Em 1957, as bilheterias do Boxing Day voltaram a subir, mas as do Natal sentiram a queda. Sem o mesmo atrativo financeiro, o 25 de dezembro passou a ser ignorado pelos clubes e reclamado pelos jogadores. Autor de quatro gols na vitória do Chelsea por 7 a 4 sobre o Portsmouth naquele ano, Jimmy Greaves usou sua notoriedade para escrever uma coluna contra as rodadas natalinas. “A maioria de nós gostaria de ver o fim do futebol no Natal. Não atrai grandes multidões e perturba a vida familiar de todos os atletas. Não podemos comer um pudim natalino. E se há um jogo fora de casa, também não há um Natal em nossos lares”, argumentou em setembro de 1958, ao Daily Express.

Como resultado da insatisfação geral, apenas 13 jogos da liga (três da primeira divisão) aconteceram em 25 de dezembro de 1958, após uma série de remarcações. No ano seguinte, enfim, os clubes da Football League decidiram acabar oficialmente com o futebol no Natal. Manteriam o Boxing Day, mas deixariam o feriado livre aos jogadores. Exceção feita a alguns duelos remarcados em 1959 e de um jogo do Blackpool em 1965, a rodada natalina não mais aconteceu. Até havia apoio do público e mesmo de algumas personalidades, como o lendário técnico Stan Cullis, para retomar a data no calendário boleiro. De qualquer forma, os apelos não eram suficientes.

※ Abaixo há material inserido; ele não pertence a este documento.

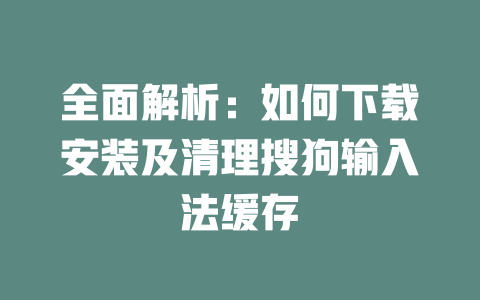 全面解析:如何下载安装及清理搜狗输入法缓存 二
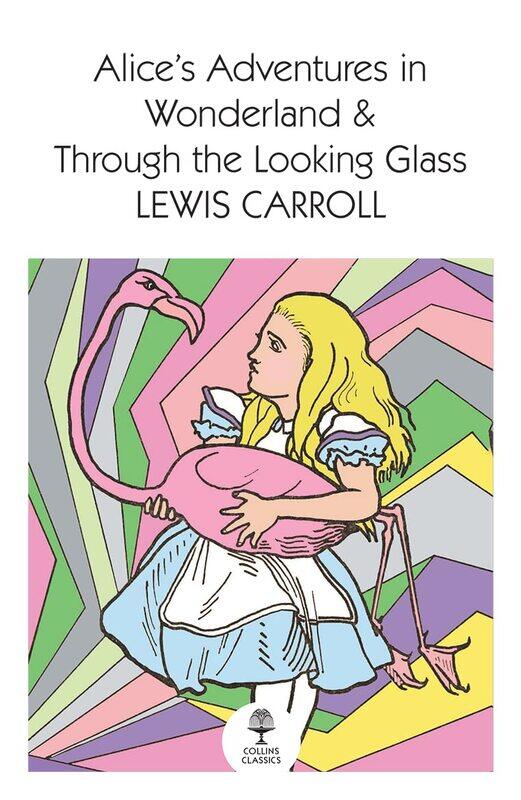 William Collins Alice’s Adventures in Wonderland and Through the Looking Glass
William Collins Alice’s Adventures in Wonderland and Through the Looking Glass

O contexto do futebol inglês, além do mais, sufocava a rodada de Natal. Com os refletores se tornando mais comuns nos estádios, os clubes percebiam a vantagem de aumentar o número de partidas em épocas de temperaturas mais amenas e, assim, encher as arquibancadas. Ainda haveria a mudança no sistema de transportes do país durante a década de 1960, que atrapalharia as viagens dos espectadores no feriado. Por fim, o crescimento das transmissões no rádio e na televisão também influenciava o comportamento dos torcedores. Temendo perder seus dias de bilheterias mais lucrativas, a liga passou anos impedindo que os jogos do Boxing Day fossem exibidos na TV. A quebra só ocorreu em 1988, quando finalmente houve um acordo com as emissoras. Hoje em dia, é exatamente pela tela que a tradição se torna conhecida além das fronteiras.